» **TASK DIRECTIONS**
Begin at the line below that has "2232 Sun Star Dr — Photo 16" and stop after the line that has "Motorboat Jeanneau Superbe". Please restate only those lines, word for word.

» **LISTED ENTRIES**
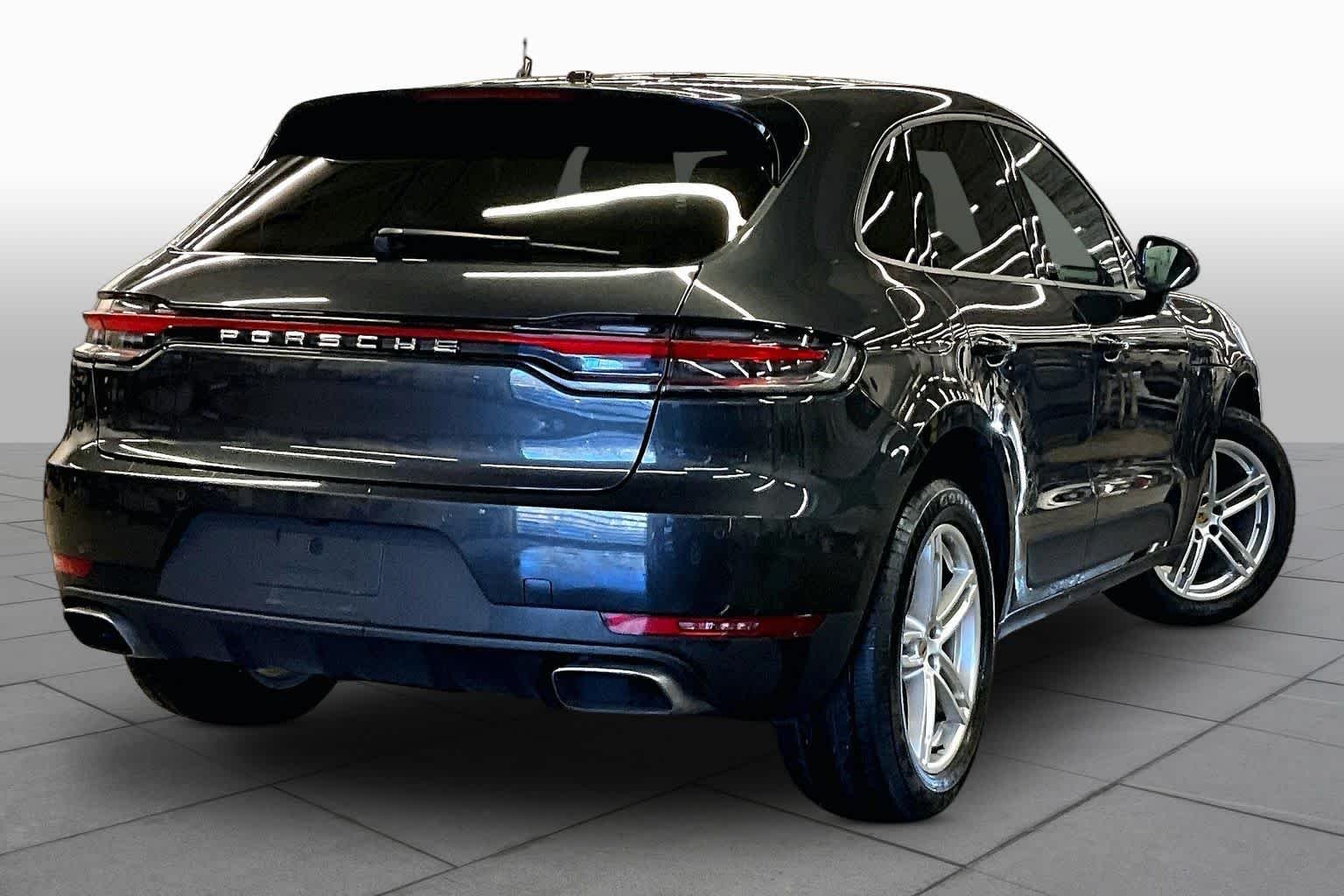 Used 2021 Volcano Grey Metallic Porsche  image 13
...
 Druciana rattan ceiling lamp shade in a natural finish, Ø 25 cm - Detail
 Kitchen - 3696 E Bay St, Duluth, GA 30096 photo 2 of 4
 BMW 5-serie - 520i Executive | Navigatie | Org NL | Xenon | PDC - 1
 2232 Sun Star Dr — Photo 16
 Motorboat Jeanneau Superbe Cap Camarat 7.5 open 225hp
--
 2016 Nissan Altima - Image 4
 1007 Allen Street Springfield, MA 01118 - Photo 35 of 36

» **EXERCISE ANSWER**
 2232 Sun Star Dr — Photo 16
 Motorboat Jeanneau Superbe Cap Camarat 7.5 open 225hp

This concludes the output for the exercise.